Evergreen Line 'cores' provide earth scientists with wealth of historical data
As the long-awaited Evergreen SkyTrain Line opens this week, two SFU earth scientists are uncovering a wealth of history about the region from drill cores associated with the line’s tunnel excavation. Lionel Jackson and Brent Ward say the cores are providing a wealth of new detail about the area dating back thousands of years.
“These cores represent an amazing geological archive of the glacial history of the Lower Mainland,” says Ward. Some cores yet to be studied extend below sea level—an earth scientist’s dream, given such material is typically unattainable in an urban area.

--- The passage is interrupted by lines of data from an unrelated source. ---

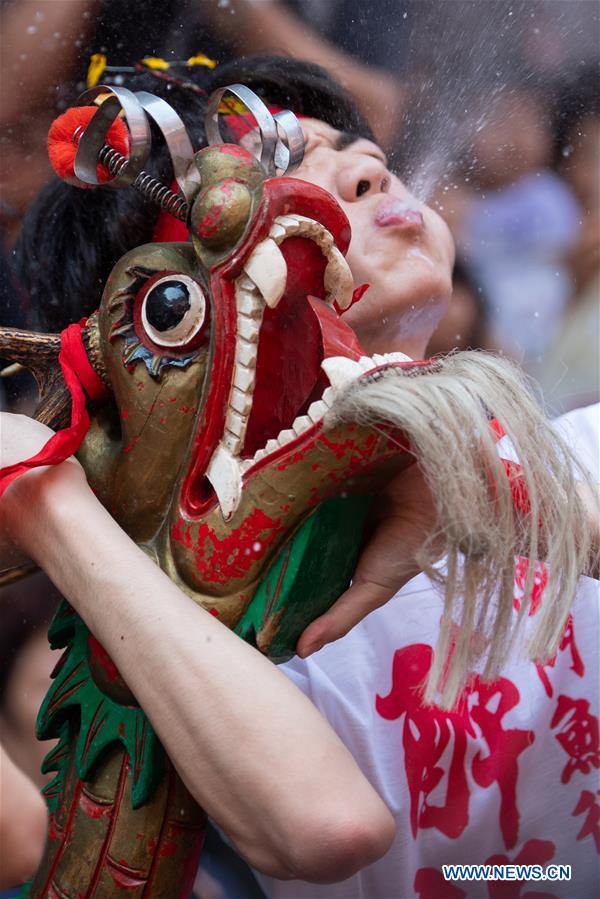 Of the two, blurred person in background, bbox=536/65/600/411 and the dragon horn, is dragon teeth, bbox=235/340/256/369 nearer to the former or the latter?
the dragon horn

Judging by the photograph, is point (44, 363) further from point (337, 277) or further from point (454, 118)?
point (454, 118)

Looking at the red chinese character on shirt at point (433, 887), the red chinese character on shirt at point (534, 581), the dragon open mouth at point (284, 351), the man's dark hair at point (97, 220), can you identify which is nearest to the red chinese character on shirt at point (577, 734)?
the red chinese character on shirt at point (433, 887)

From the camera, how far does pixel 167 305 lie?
0.57 meters

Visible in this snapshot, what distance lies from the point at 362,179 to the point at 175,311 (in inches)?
11.3

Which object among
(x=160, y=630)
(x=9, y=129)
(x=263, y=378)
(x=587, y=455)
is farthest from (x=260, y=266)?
(x=587, y=455)

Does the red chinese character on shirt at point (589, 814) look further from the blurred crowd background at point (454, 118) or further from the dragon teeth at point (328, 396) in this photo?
the dragon teeth at point (328, 396)

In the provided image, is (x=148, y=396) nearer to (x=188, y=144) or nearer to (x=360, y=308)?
(x=188, y=144)

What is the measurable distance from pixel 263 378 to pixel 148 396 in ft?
0.22

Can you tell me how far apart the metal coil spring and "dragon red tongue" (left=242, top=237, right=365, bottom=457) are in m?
0.08

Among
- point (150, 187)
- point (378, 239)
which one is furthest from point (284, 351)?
point (378, 239)

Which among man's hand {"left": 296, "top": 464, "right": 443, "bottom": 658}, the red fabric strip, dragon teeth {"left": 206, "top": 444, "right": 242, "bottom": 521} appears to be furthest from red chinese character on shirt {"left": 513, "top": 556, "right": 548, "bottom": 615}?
the red fabric strip

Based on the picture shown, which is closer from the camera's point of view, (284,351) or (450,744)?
(284,351)

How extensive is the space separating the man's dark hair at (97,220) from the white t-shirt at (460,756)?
32 centimetres

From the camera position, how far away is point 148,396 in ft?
1.89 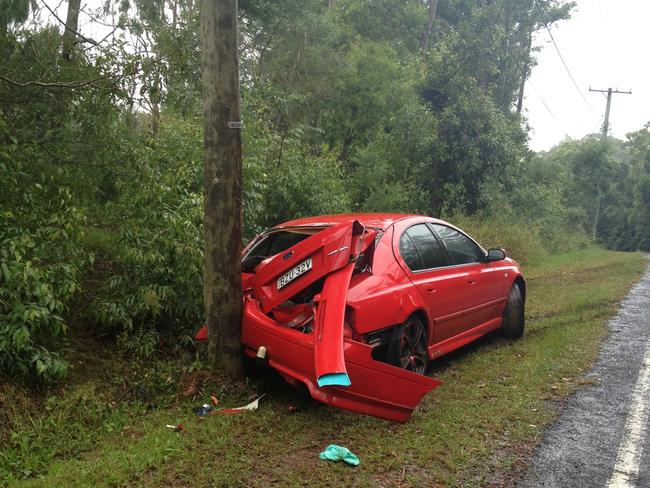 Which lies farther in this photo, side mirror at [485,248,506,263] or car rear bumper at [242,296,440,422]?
side mirror at [485,248,506,263]

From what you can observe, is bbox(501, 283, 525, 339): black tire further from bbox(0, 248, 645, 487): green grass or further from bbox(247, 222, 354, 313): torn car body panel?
bbox(247, 222, 354, 313): torn car body panel

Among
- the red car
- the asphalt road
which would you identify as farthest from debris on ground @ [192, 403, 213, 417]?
the asphalt road

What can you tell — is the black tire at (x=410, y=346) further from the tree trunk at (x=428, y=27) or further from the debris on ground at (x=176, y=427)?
the tree trunk at (x=428, y=27)

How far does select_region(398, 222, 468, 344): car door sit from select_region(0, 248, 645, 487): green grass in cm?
51

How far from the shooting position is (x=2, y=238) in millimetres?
4301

Four of several dozen cores are currently stored in Jackson’s garage in Coquitlam, moved there by crane by tunnel contractor SNC Lavalin—for analysis by the pair and one of Jackson’s graduate students.
“At first look, the paleogeography is quite a bit different than what we imagined,” says Jackson, an adjunct professor at SFU and an emeritus at the Geological Survey of Canada. While running a hand over a core, he points to a section of ‘broken’ sediment that was likely caused by the passage of glacial ice.
Jackson has determined that in the recent geologic past there was a deep valley between Burnaby Mountain and central Coquitlam that made them islands in the Salish Sea.
The cores record sediments associated with at least the last glacial cycle, and possibly earlier ones. He is eagerly awaiting radiocarbon analysis that will allow him to resolve the timing of glacial advances.
“To find a place where hundreds of metres of record are available to us is amazing. The cost of getting this sort of data would be astronomical. It will be invaluable for tracing the evolution of this area.”
The researchers hope to access the remaining cores to help complete their research.